The Council Learned in the Law was a highly controversial tribunal of Henry VII of England's reign.

==Creation==
The brainchild of Sir Reginald Bray, the Council Learned was introduced in 1495 to defend Henry's position as a feudal landlord, maintain the King's revenue and exploit his prerogative rights. It dealt with the king's fiscal matters and enforced payments of debts. It proved to be much more efficient than the Exchequer. The council was a secondary department to the Star Chamber, but it was the Council Learned in Law that made the system of bonds and recognisances work so effectively. Following Bray's death in 1503, he was replaced with Edmund Dudley. Dudley, along with Empson, formed a feared combination of able bureaucrats who raised the extraction of money from the King's associates into a fine art and created many enemies amongst key advisors of the King.

==Abolition==
By the end of Henry VII's reign, the Council Learned had become very unpopular, and after his death in 1509, it was abolished. Its most prominent councilors, Edmund Dudley and Sir Richard Empson, were imprisoned.
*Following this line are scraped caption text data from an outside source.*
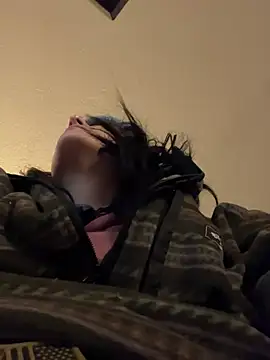 2brokegirlz online show from 14, 3, 2025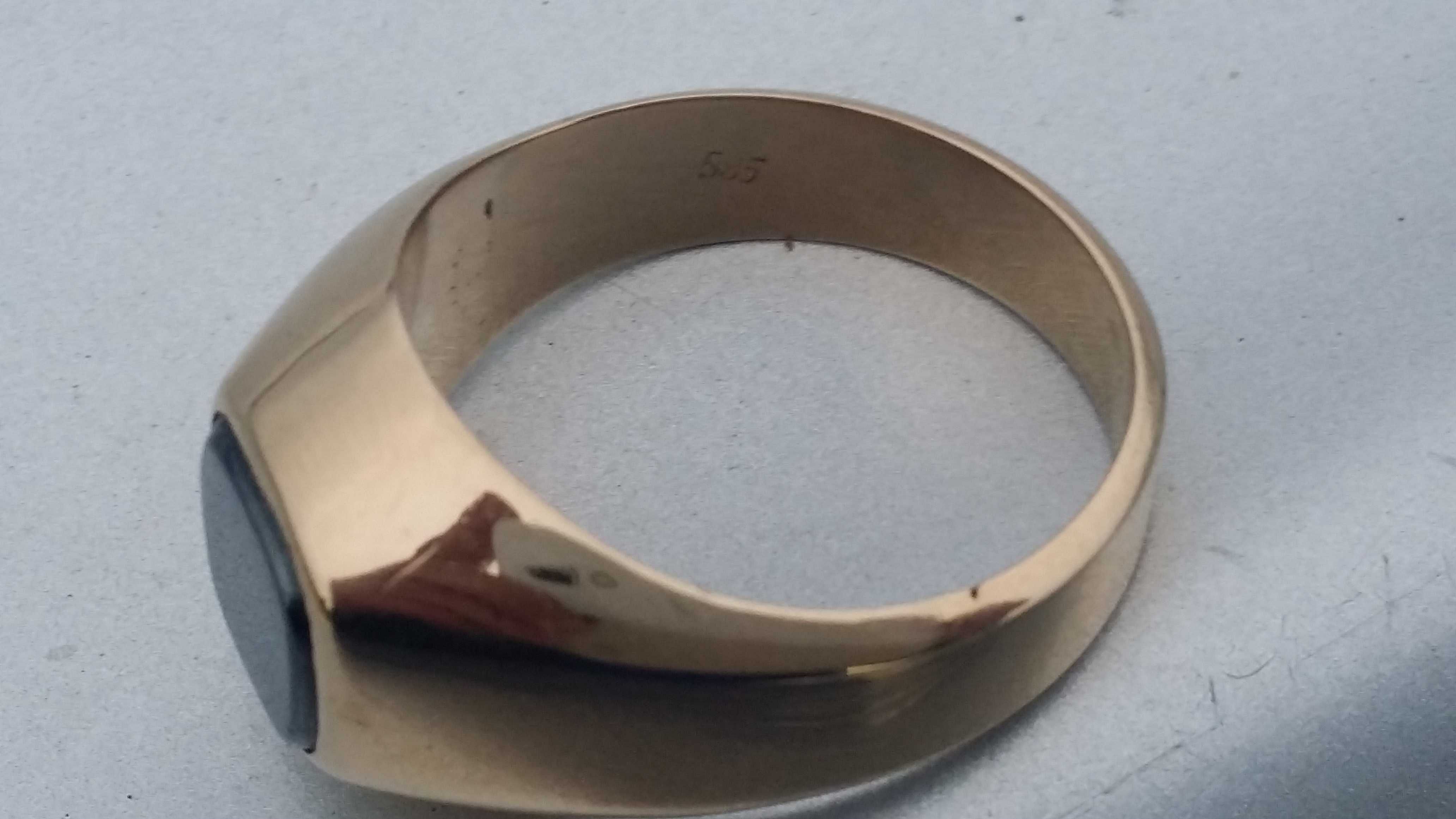 Zloty Piekny Sygnet waga 14.5 gr zloto 14k585 piekna robota rozmiar 25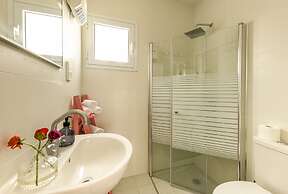 Seaside Escape with Private Patio by Sea N Rent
Though evidence was scarce, both were convicted of treason, attainted and executed in 1510. The downfall of the pair brought rejoicing in the streets.

==Analysis==

There is much controversy about the Council Learned in the Law because most existing sources date after 1509 when it had been officially condemned. Bray's associate, Empson, maintained a particularly ruthless approach that seemed to define the behavior of the Council. In the Tower, Dudley confessed to having issued harsher penalties than lawful in several cases, a statement which has given the Council a strongly negative connotation.

It bypassed the normal legal system since it was not a court and those summoned had no chance of appeal. It was an expression of the King's will and as such was as important for maintaining authority, as it was for raising finances.